(Data extracted from a collection)

┄┄┄┄┄┄┄┄┄┄

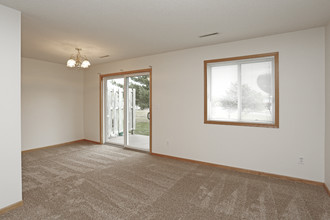 Ridgeway Estates Townhomes in Pine Island, MN - Foto de edificio - Interior Photo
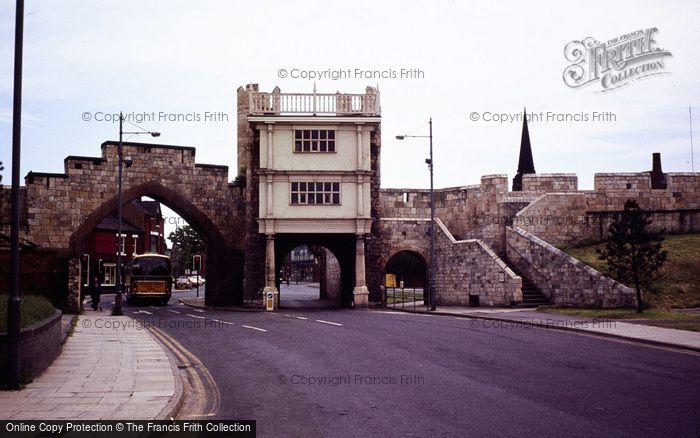 Photo of York, Walmgate Bar c.1985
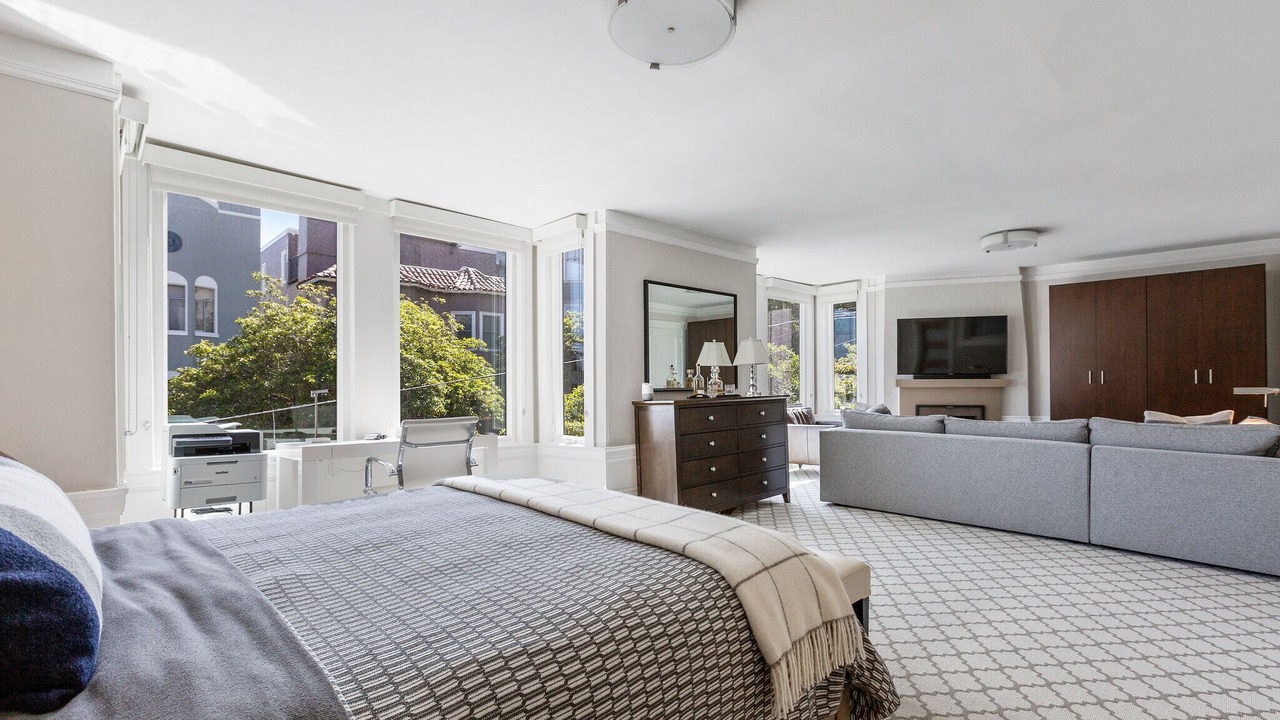 Photo of Bedroom in Russian Hill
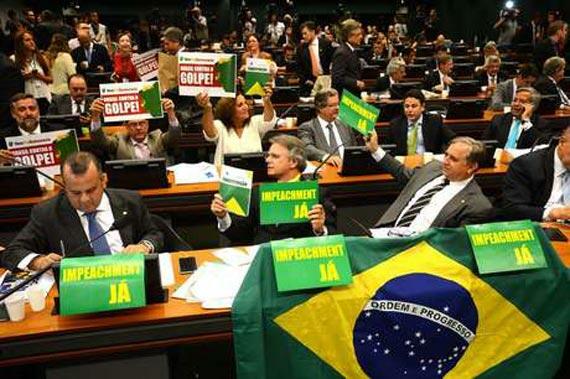 Placar da votação encerrada ontem à noite apontou 38 votos a favor e 27 contra (Foto: Agência Brasil)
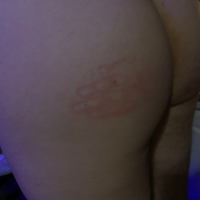 Ejriosonn aynqan uzhgin harvatsum e Hubbyrsquos Ass in or toghnum e Handprints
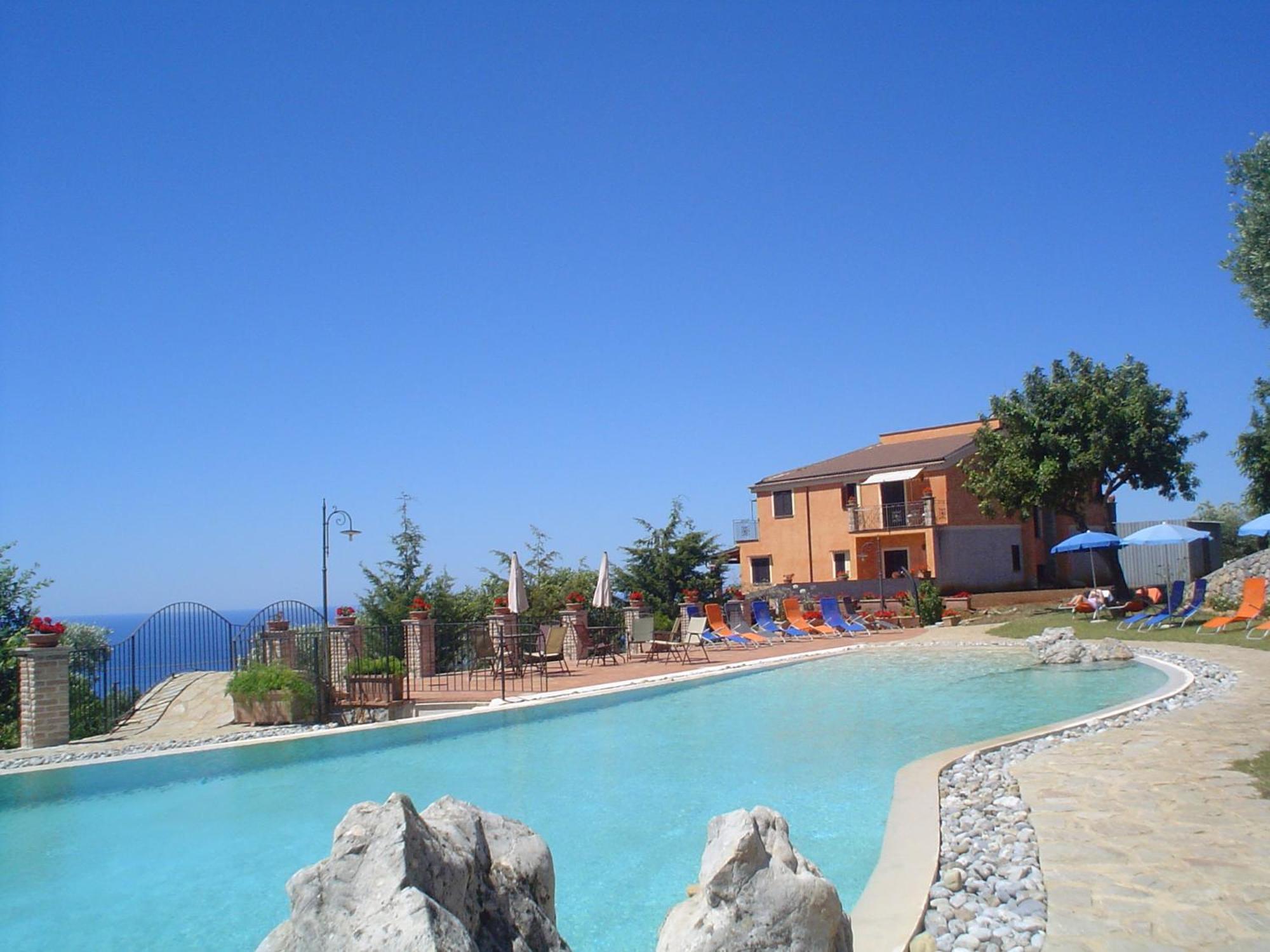 Hotel Relais Pian Delle Starze 마리나디카메로타 외부 사진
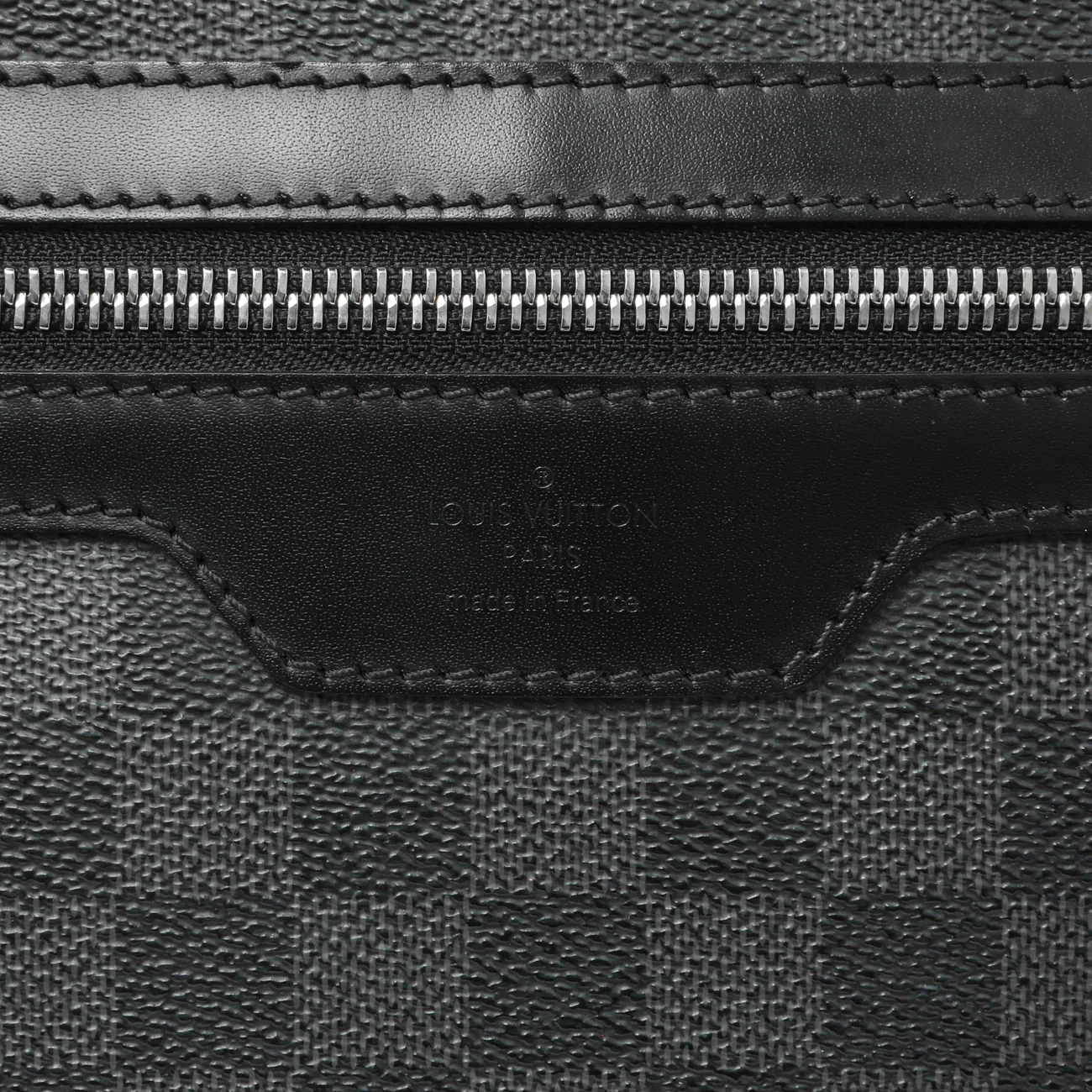 Louis Vuitton Damier Graphite Mick MM - Image 10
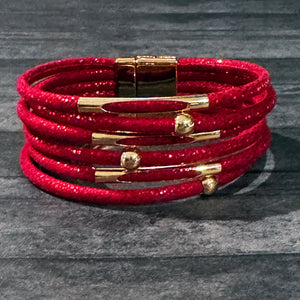 Red Leather Wrap Bracelet | Cincinnati Reds Bracelet | Cincinnati Reds Jewelry | FENNO FASHION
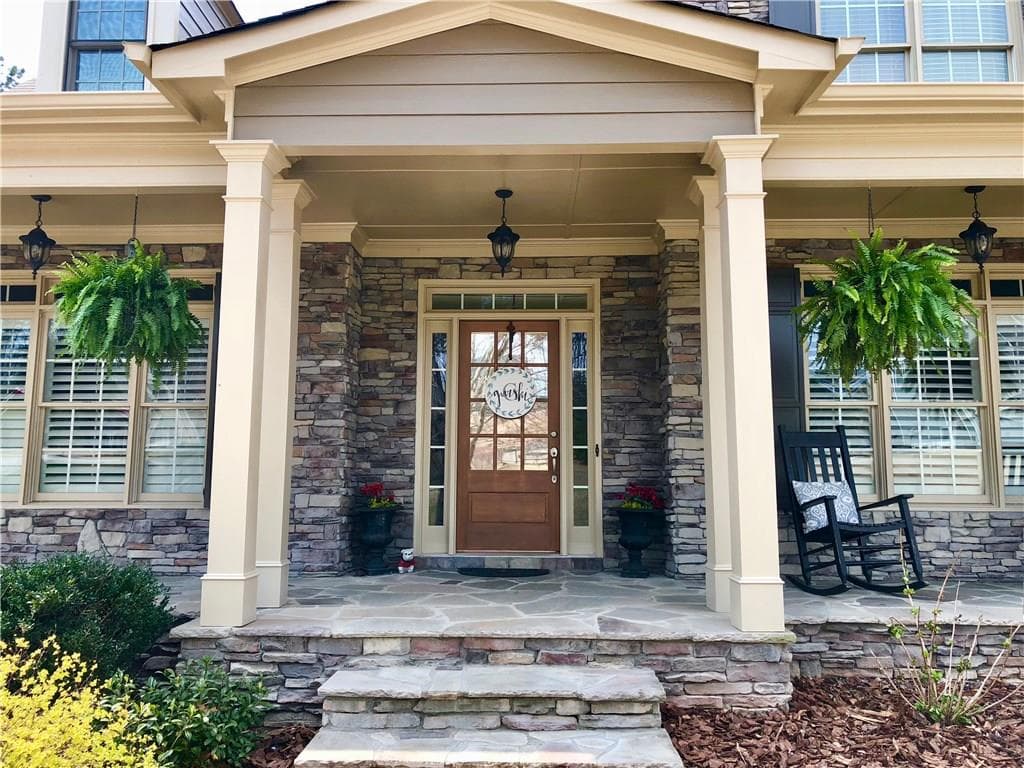 6 bedroom, 4,800 sq ft single family residence sold at 56 Mayflower Court, Dallas, GA 30132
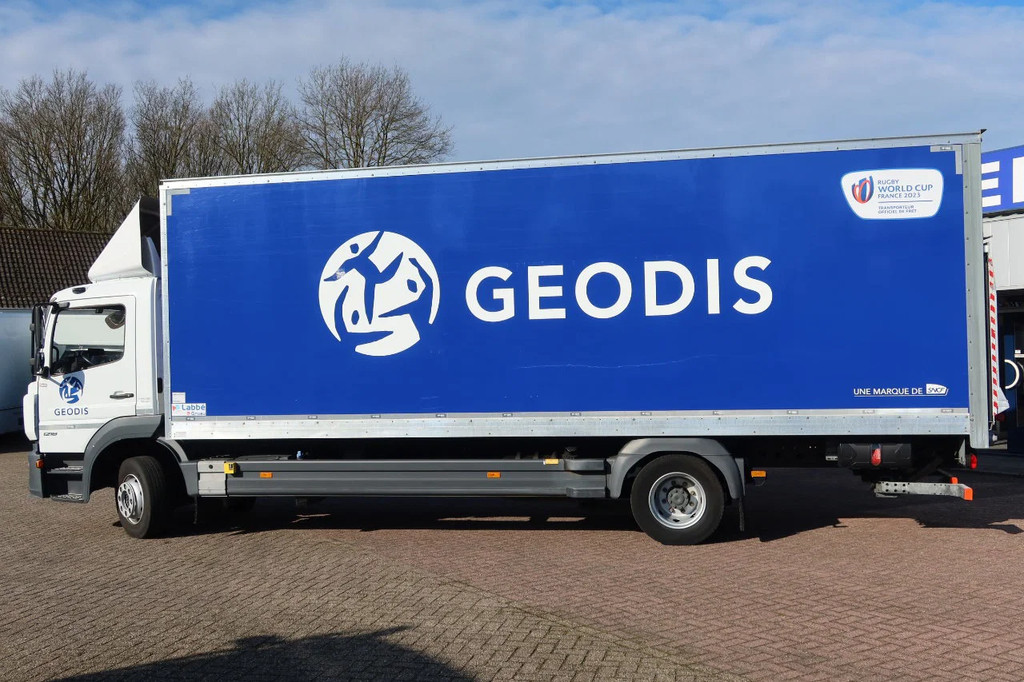 Mercedes-Benz Atego 1218 Bakwagen + Laadklep DHollandia 1500kg 13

┄┄┄┄┄┄┄┄┄┄

Leave the pictures out. Extract exactly the lines running from the one with "Photo of Bedroom in Russian Hill" through the last entry, both ends included.

> FINISHED EXERCISE
 Photo of Bedroom in Russian Hill
 Placar da votação encerrada ontem à noite apontou 38 votos a favor e 27 contra (Foto: Agência Brasil)
 Ejriosonn aynqan uzhgin harvatsum e Hubbyrsquos Ass in or toghnum e Handprints
 Hotel Relais Pian Delle Starze 마리나디카메로타 외부 사진
 Louis Vuitton Damier Graphite Mick MM - Image 10
 Red Leather Wrap Bracelet | Cincinnati Reds Bracelet | Cincinnati Reds Jewelry | FENNO FASHION
 6 bedroom, 4,800 sq ft single family residence sold at 56 Mayflower Court, Dallas, GA 30132
 Mercedes-Benz Atego 1218 Bakwagen + Laadklep DHollandia 1500kg 13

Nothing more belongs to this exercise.